(EXERCISE DETAILS):
Only the lines from the one containing "Building Photo - 1036 Abbott St" to the end of the material are to be copied, exactly and in full; images stay out.

(INFORMATION SUPPLIED):
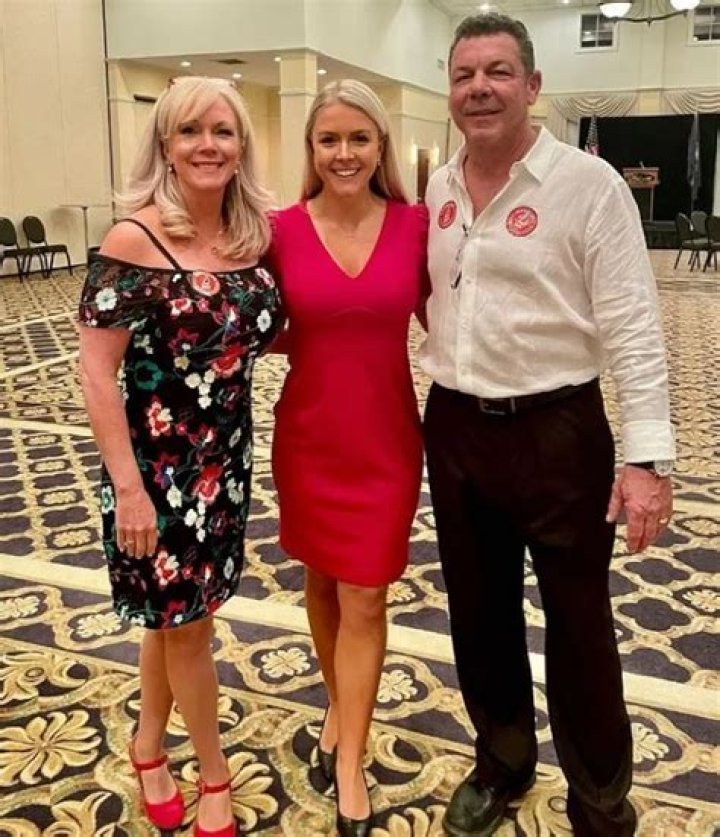 Genevieve Gauss Wiki, Age, Husband, Height & Family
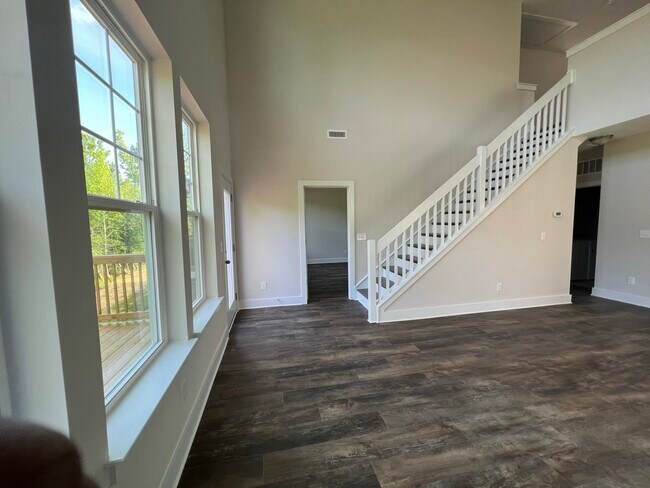 Building Photo - 1036 Abbott St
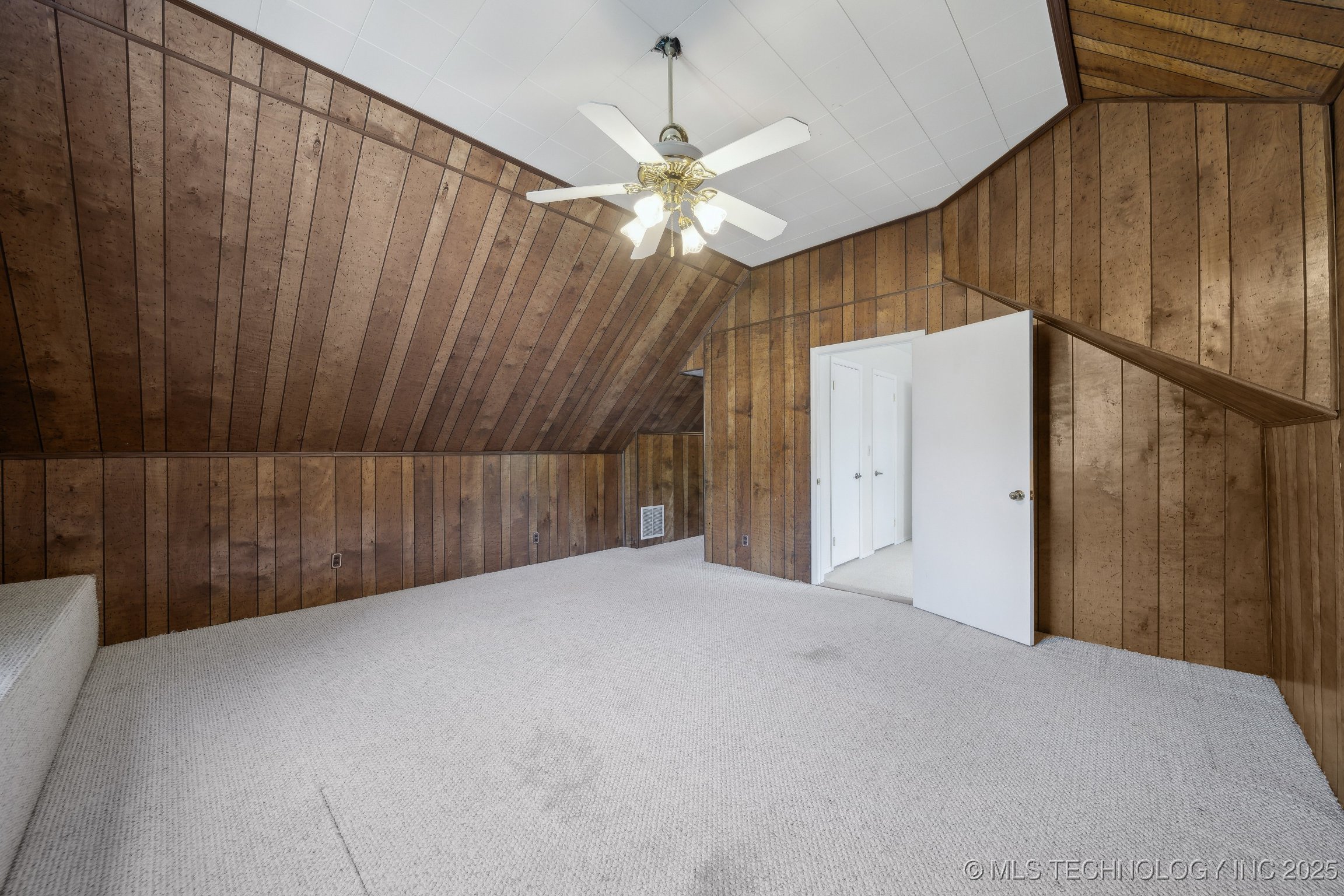 4012 S Juniper Avenue Property Photo 21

(RESULT OF THE EXERCISE):
 Building Photo - 1036 Abbott St
 4012 S Juniper Avenue Property Photo 21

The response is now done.